Correlation Matrix

macctenmaccten Member Posts: 28 Contributor II
edited June 2019 in Help
Hi,

I have a large data set with many attributes
I would like to see how closely the attributes are correlated but because of the sheer number of them I'm only interested in attributes that are correlated about 40%
Is there a way to do this for example using a filter of some description. I know you can remove correlated attributes and select by weights but are not what i need as im interested in the high correlations

Thank you for your time
Tagged:

Answers

  • awchisholmawchisholm RapidMiner Certified Expert, Member Posts: 458 Unicorn
    Hello

    There are options like "top k" and "top p%" in the Select by Weights operator that might help.

    regards

    Andrew
  • macctenmaccten Member Posts: 28 Contributor II
    Hi Andrew

    Thanks for the quick reply.
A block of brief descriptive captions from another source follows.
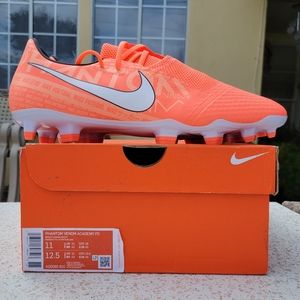 Mens 11 Nike Phantom Venom Academy soccer cleats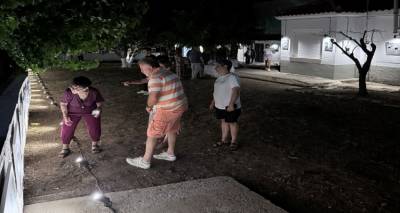&Sigma;&tau;&eta;&nu; &tau;&epsilon;&lambda;&iota;&kappa;ή &tau;&eta;&sigmaf; &epsilon;&upsilon;&theta;&epsilon;ί&alpha; &eta; έ&kappa;&theta;&epsilon;&sigma;&eta; &phi;&omega;&tau;&omicron;&gamma;&rho;&alpha;&phi;ί&alpha;&sigmaf; &laquo;&Eta; &Sigma;&upsilon;&nu;έ&chi;&epsilon;&iota;&alpha; &mu;&iota;&alpha;&sigmaf; &Sigma;&upsilon;&nu;&epsilon;ί&delta;&eta;&sigma;&eta;&sigmaf;&raquo; &sigma;&tau;&eta; &Nu;έ&alpha; &Kappa;&omicron;ύ&tau;&alpha;&lambda;&eta;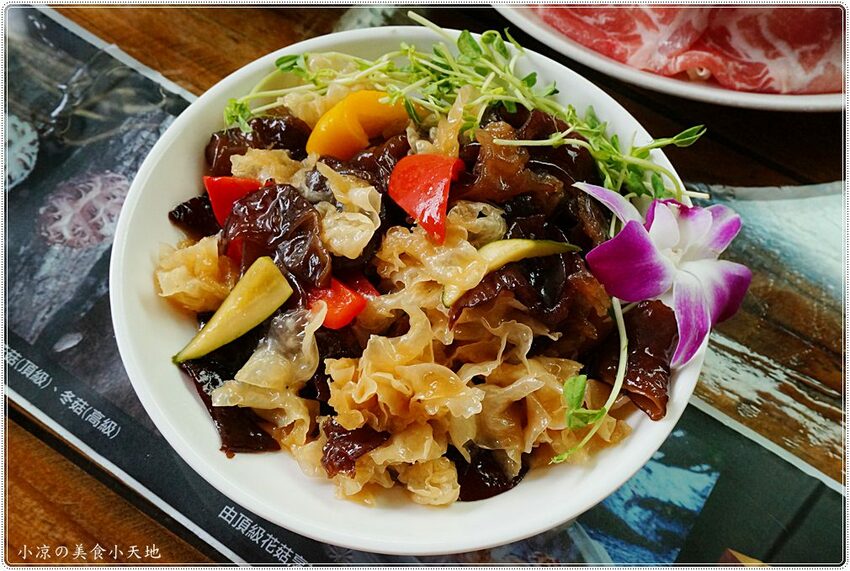 新社菇神觀景複合式餐飲║新社必吃美食，獨創半野生原木冬菇土雞鍋，湯鮮溢清香，還有新品酸筍土雞鍋也大推!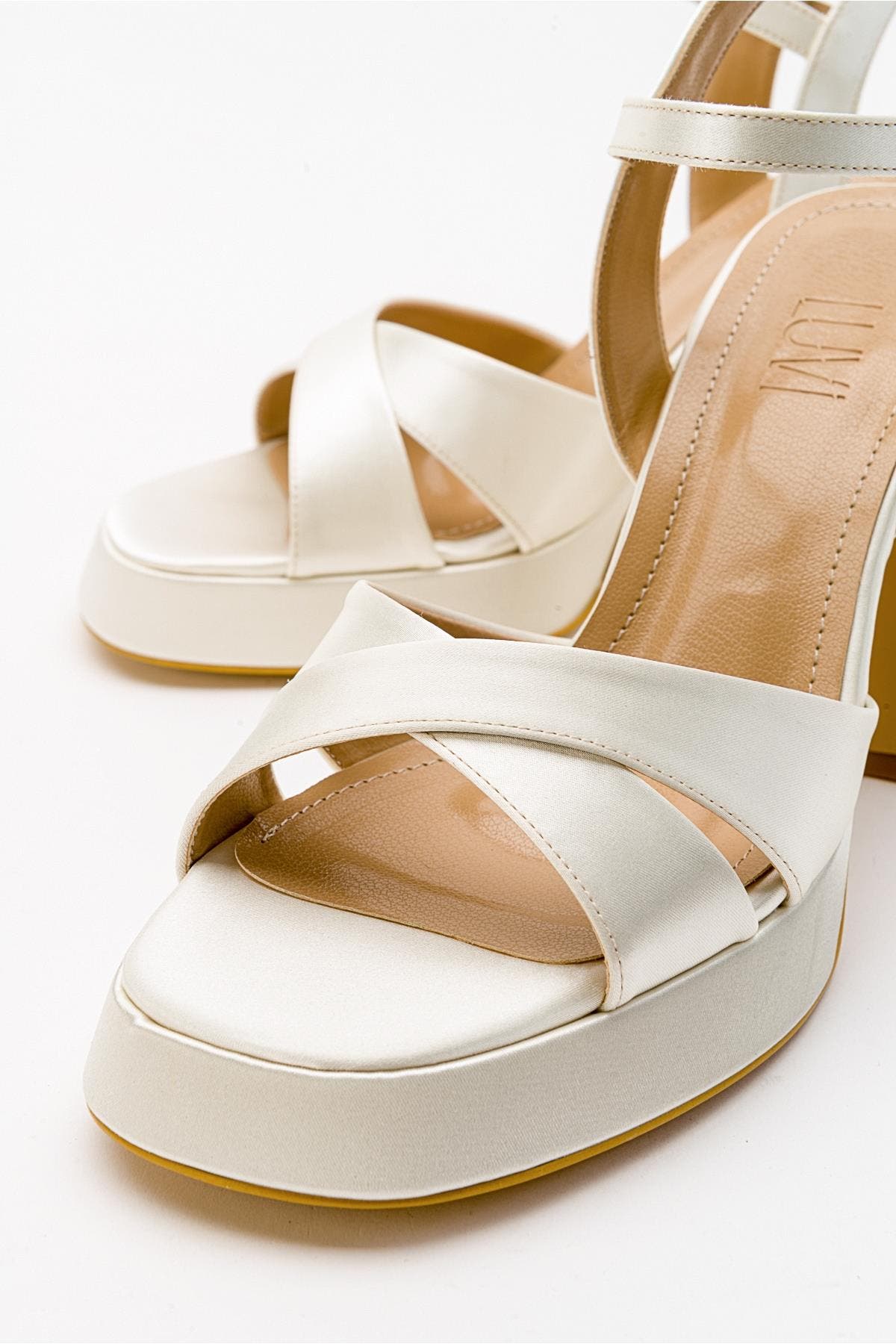 Yvonne Platform Sandals, Alternate, color, Ivory Beige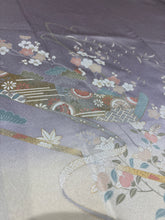 Load image into Gallery viewer, 薄紫　花鳥吉祥立波文　暈し染め　金銀彩［4570191718597］
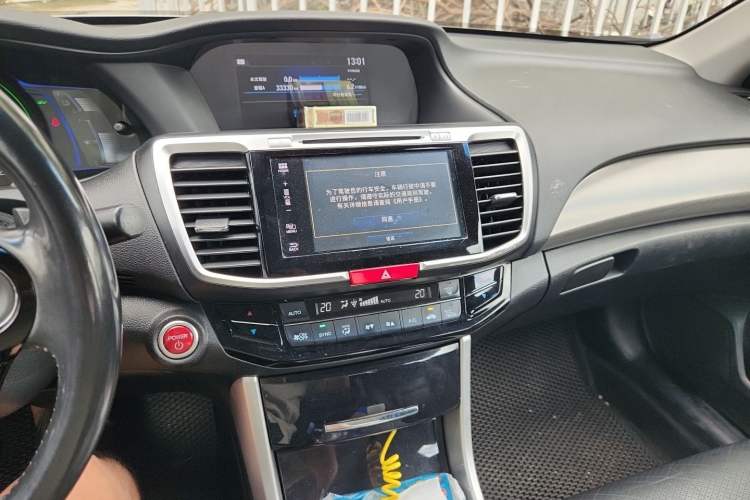 Used Honda Accord 2016 Hybrid 2.0L Rui Ling Edition Audio And AC Panel
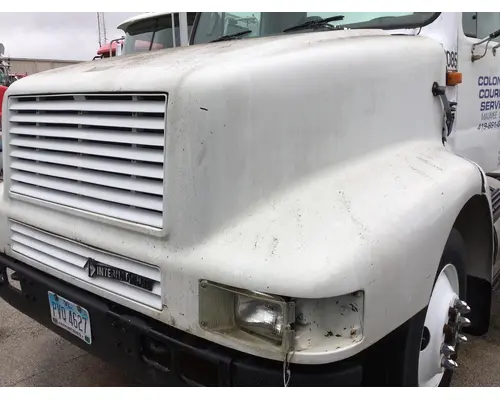 INTERNATIONAL F8200 1990-2003 HOOD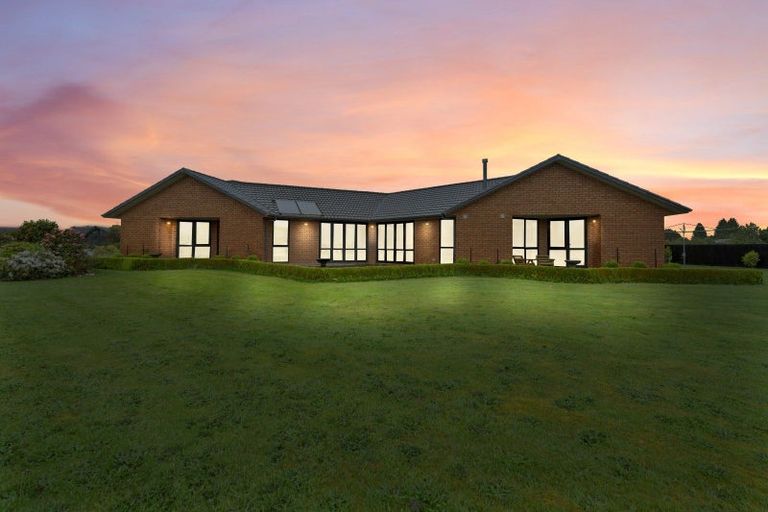 Photo of property in 28 Pukutahi Drive, Te Anau, 9600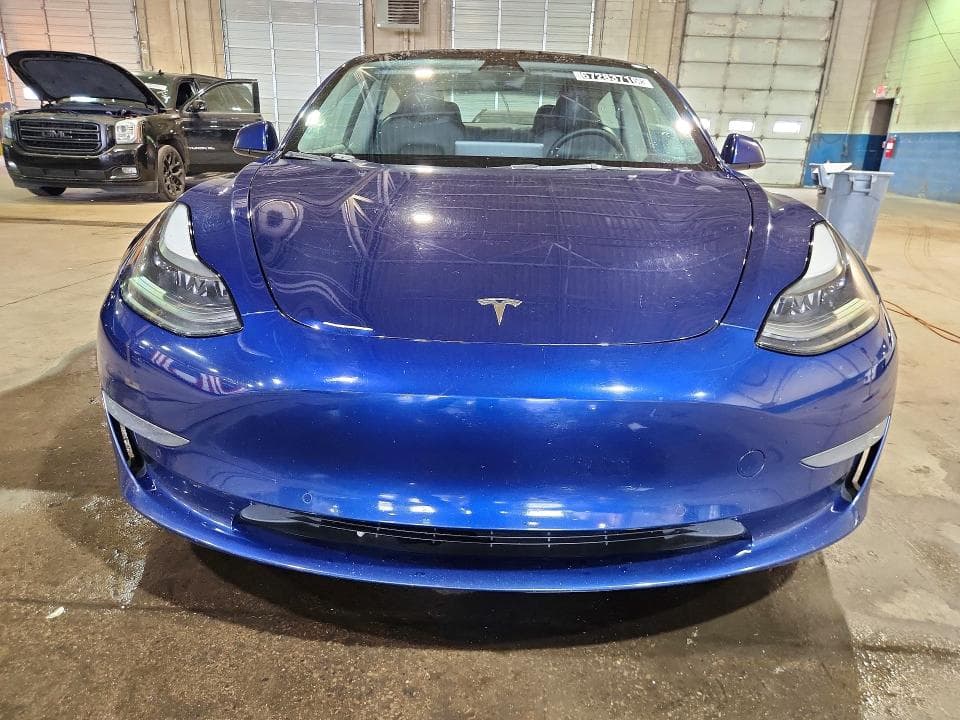 2022 TESLA MODEL 3 5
I ran it this morning but i don't think this is what I'm looking for
    What i need is the pairwise table so i can specifically say there is a 50% correlation between Attribute A and B but a Negative correalation between A and C
    Do you know if you can filter the actual matrix?

    Thanks
  • macctenmaccten Member Posts: 28 Contributor II
    Hi All

    Is there perhaps a method to export the pairwise table into a CSV file or generate a report based off of it?
    Has anyone tried it before
    If it was in a database it would be simple case of selecting the rows where the correlation is above a certain amount

    Thanks
  • awchisholmawchisholm RapidMiner Certified Expert, Member Posts: 458 Unicorn
    Hello

    A groovy script would be able to do it. I could probably do that in return for beer or money  ;D

    Alternatively, I'm having a think about the possibility of calculating the correlation in a process without using the built in operators. That way would let you make an example set that could be filtered as you like.

    regards

    Andrew
  • macctenmaccten Member Posts: 28 Contributor II
    I thought this link provided the answer http://www.myexperiment.org/workflows/1279.html

    But unfortunately, it doesn't provide a pairwise table and the matrix in question is 5000 attributes in scope so exporting it to excel means cutting off a good portion of it

    Il keep the beer money in mind of course :), as soon as the next pay check comes around
  • MariusHelfMariusHelf RapidMiner Certified Expert, Member Posts: 1,869 Unicorn
    Have a look at the configuration of the Report operator: you should be able to configure Pairwise Table as output format.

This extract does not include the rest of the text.